By Shamika Ann Mitchell

My fellow Americans! There is something amiss here in the United States. It could be caused by the chemtrails in our atmosphere, or maybe the food fillers and additives we ingest and digest daily, or maybe the many poisoned wells and reservoirs that hydrate us (Flint is neither the beginning nor the end). There is something greatly wrong happening all around us, every day. Odorless, colorless, weightless, and terribly lethal, this elusive element is pervading the corners of every circle and the curves of every square. Despite the fact that we, as Americans, take great pride in nationalism, in aggrandizing self-narrative and prideful rhetoric, in the nostalgias of days so long gone (they never actually existed), we live in perpetual angst and distress, and often do not know the cause of our anguish. This great nation and its entire people are continuously caught in a cycle of distraction, disharmony and despair. We are nearly approaching a state of disrepair and irrevocable damage will continue to be wrought upon us all.
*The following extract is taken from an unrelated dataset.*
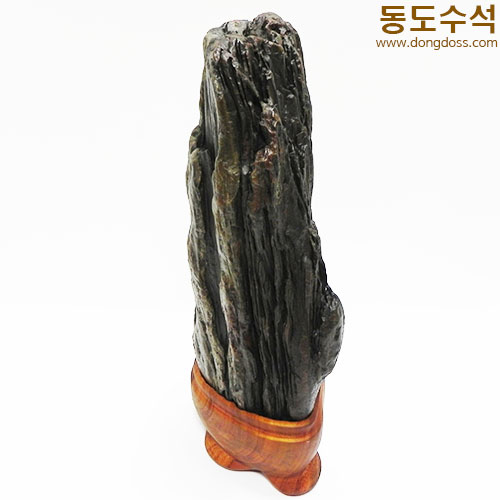 쬬코입석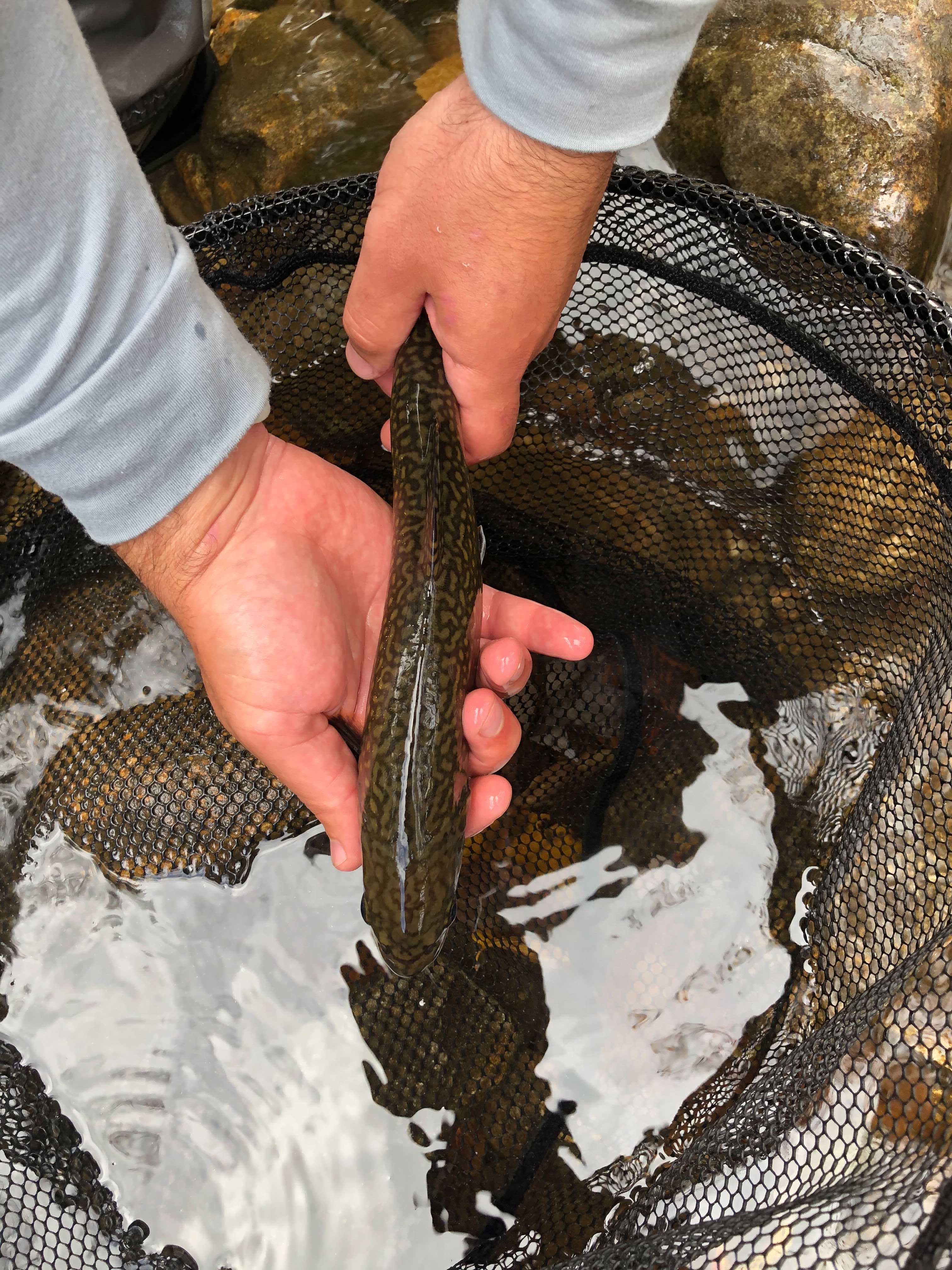 western north carolina fly fishing trail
What is it that plagues us? What are the matters that rattle us most? Who can we blame for those secret shames and silences that prevent us from freeing sadness from our spirits? We have all been afflicted, and yet not one of us has sought any meaningful care or expressed an substantial concern for all that has gone wrong with everything we thought we held dear. We stare at our selfies and hope that we look OK, but looking in the mirror, it is clearer that we have lost our Selves. Who are we, really? What is America? What does it mean to be an American? From the very moment Las Casas actualized his idea that stealing and transporting people would benefit the Throne and the Church, the Original Sin took its grip. Is it possible to be cleansed from this Original Sin? Christianity teaches that the people’s sins should be cleansed with the Sacrifice of One, and that confessionals and repentances are the requisite cycle towards atonement. But what is it that we need to confess, and for what should we atone? From whom should we seek forgiveness? This nation was birthed in 1776, and yet, in 2016, we are still trying to renegotiate the sadistic sinful stains that have saturated our soil and all that has been harvested from these lands. There is no organic fruit or vegetable that is without a bloodied blemish. There is no Vegan or Kosher or Halal or all-natural item that is blessed by this bountiful blood. This is not amenorrhea; the United States is hemorrhaging.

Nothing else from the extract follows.